In February 2021, MSF is providing support to Parirenyatwa Hospital Isolation Centre, the country’s main referral unit for COVID-19, in Harare, to help them prepare for the next potential surge in COVID-19 infections. © MSF/Caroline Gwature

Young women supporting young women making health choices

Tanatswa (20) is a vibrant peer educator for Doctors Without Borders/Medecins Sans Frontieres (MSF). She is a core member of the MSF Sexual Reproductive Health (SRH) project in the high-density suburb of Mbare, Harare in Zimbabwe.

Growing up, Tanatswa had a passion to do something meaningful and life-changing in her community. She grew up in Mbare, one of the oldest suburbs of Harare, the capital city of Zimbabwe. Mbare has high poverty levels, overcrowding, with high drug and substance use amongst adolescents and young people. This environment predisposes adolescents and young people to risky sexual behaviour that fuels the spread of Sexually Transmitted Infections (STIs) and HIV and amplifies the vulnerability of adolescents.

Youths (15-24 years) make up 20% of Zimbabwe’s estimated 15 million population.

“As I was born and bred in this environment, I have seen the challenges that particularly affect adolescent girls and young women which include early unplanned pregnancy, early marriages, drug and substance abuse. Some girls run away from home to stay at the drug bases where they sell sex in exchange for drugs. I always wanted to change and save my peers’ lives, but I was not sure how best to do it,” Tanatswa says with enthusiasm and determination.

After her grandmother heard about the peer-to-peer model that MSF was rolling out from a local clinic in the suburb, she encouraged Tanatswa to apply.

MSF’s peer-to-peer education program

“When my grandmother referred me to enquire about the peer education program, I was not sure if I was eligible. I was 17 at that time, having finished my ordinary level.” Tanatswa explained.

Tanatswa was recruited for the MSF peer to peer program in January, 2020. Her enthusiasm and passion made her a good candidate.

I am happy to be a community resource that supports women in my community.

“The training I got from MSF staff equipped me with all the necessary information on how to engage with the community. It made it clear what my role was.”

“Peer education opened doors for me. It boosted my confidence and fostered interpersonal communication skills in engaging and working with young people and the community at large,” Tanatswa says.

An MSF peer education having a group conversation with young women.
An MSF peer education having a group conversation with young women.

The community could not accept Tanatswa at first. For them, she was too young to give them such important information. However, with further engagement and interaction with her peers, she became the community role model, with the necessary information to save their lives, facilitating access to free SRH services and other important health care information.

“It was not easy at first, but because I was working with people I already knew, they understood my assignment. Many adolescents and young women are benefiting from this program. I can assist them with HIV self-testing, pregnancy testing, provide emergency contraception, menstrual hygiene management commodities, condoms and refer them to other service providers accordingly based on their needs. I am happy to be a community resource that supports women in my community.”

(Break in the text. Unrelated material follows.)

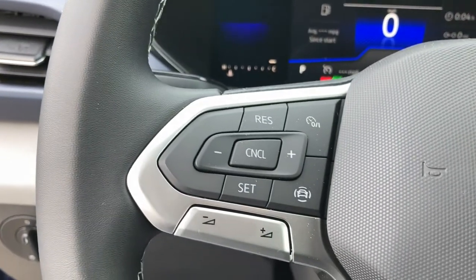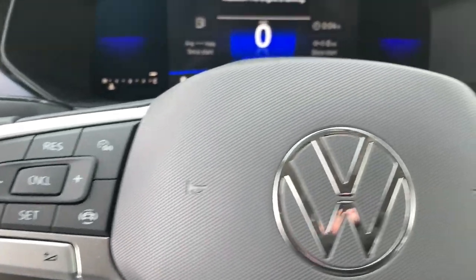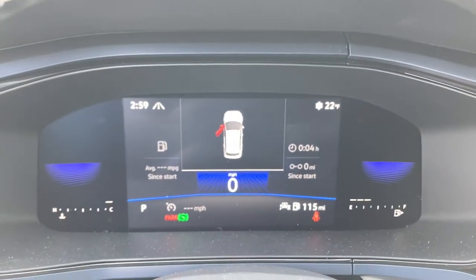Satellite radio, backup camera, Wi-Fi hotspot, steering wheel audio controls, blind spot monitor. Feel the satisfaction that comes with choosing quality and efficiency.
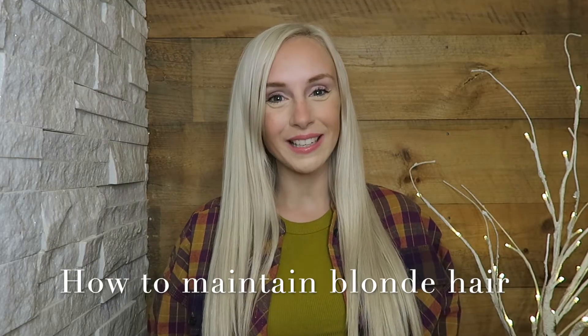Hi guys, welcome back to my channel. Today's video is all about maintaining platinum or super blonde hair — how to keep it icy, healthy, and shiny. A lot of my clients, and maybe those of you out there, sometimes don't realize what being platinum or blonde entails. It is one of the most expensive services to get, and also one of the most expensive to upkeep.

Ensuring access for the community

Through the peer-led approach, the SRH project has reached out to communities and ensured access to essential SRH services. Peer educators play an important role in raising awareness of SRH services, increasing acceptance of contraceptives and managing menstrual hygiene in communities. To engage effectively with the community, MSF trained peer educators to work with adolescents and young women to provide SRH education and facilitate access to services.

When she is not in the community, Tanatswa spends time at the project’s youth hub in Mbare, where she can access free Wi-Fi. Access to Wi-Fi enables her and other peer educators to research and empower themselves with the information they will share with the young women in their community.

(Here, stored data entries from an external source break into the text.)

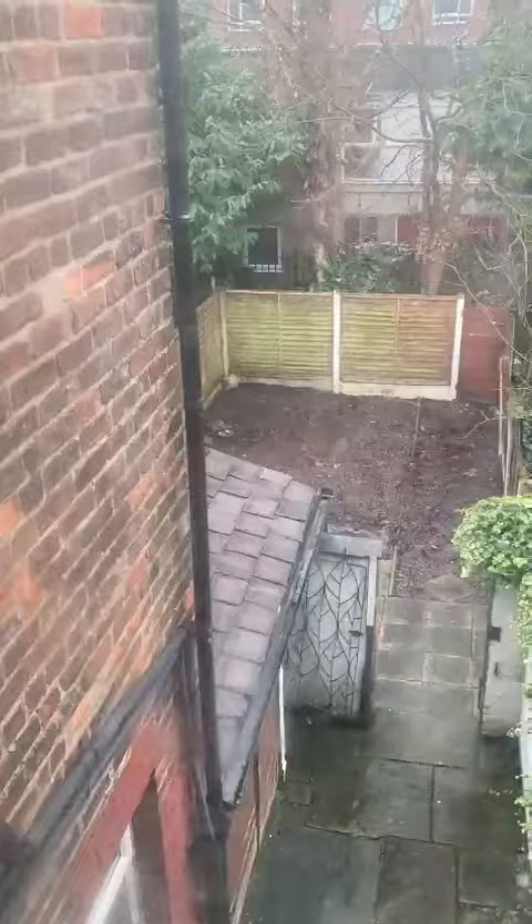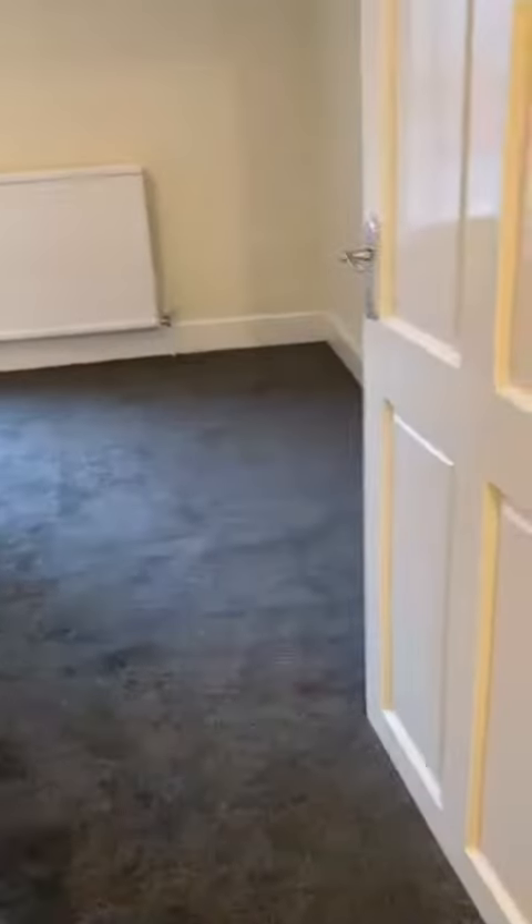Here you can look out at the garden outside, and now we're going to move on to the master bedroom.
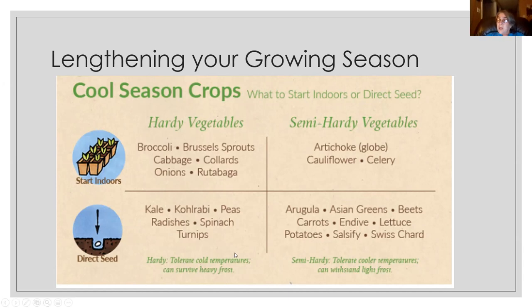Last fall I planted spinach, four-season lettuce, and carrots. The carrots were delicious in spring, and the spinach made it all the way through, finally bolting to seed around May. So I had a full early spring season of eating the best lettuce I ever grew — when planted in spring it always goes to seed on me too quickly, but fall planting worked beautifully. Try cool weather crops in both spring and fall.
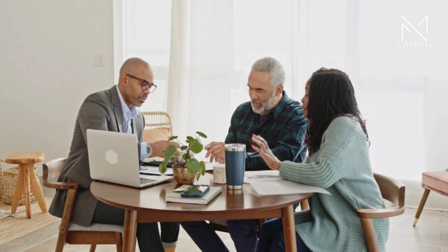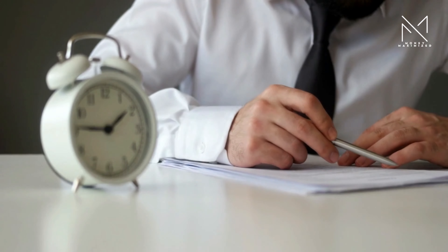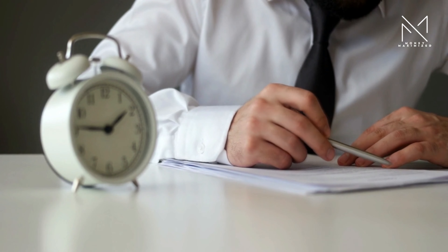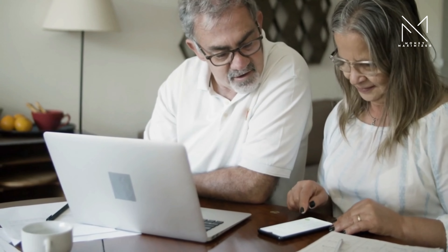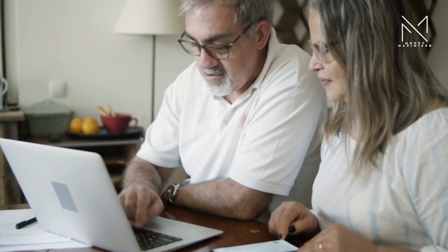How does a trust work? You create a trust by making a legal document that explains your wishes. This document is like a set of instructions. You also choose someone to be in charge of following these instructions — this person is called the trustee. The trustee's job is to manage the assets in the trust and follow your instructions.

Peer educations distributing sanitary pads in Epworth.
Peer educations distributing sanitary pads in Epworth.

“With access to free access to Wi-Fi at the Matapi Youth Hub, I managed to study for an online certificate in sexual reproductive health for adolescents and received more information on sexual reproductive health education,” she says.

“Peer education should not be overlooked; it has the potential to transform communities, from the peer educator to the young person he or she can reach,” echoes Shinga Mawarire, MSF Nurse Mentor.

Since 2016, MSF has worked with 143 community peer educators for the SRH project in Mbare. These peer educators are recruited from the community. They are experts by experience, some having been sex workers, teen parents, HIV expert patients, school dropouts, drug and substance use survivors, to mention but a few. The peer educators graduate around the age of 23 to make way for new peer educators. When volunteering for MSF, they receive a scholarship to support their dreams.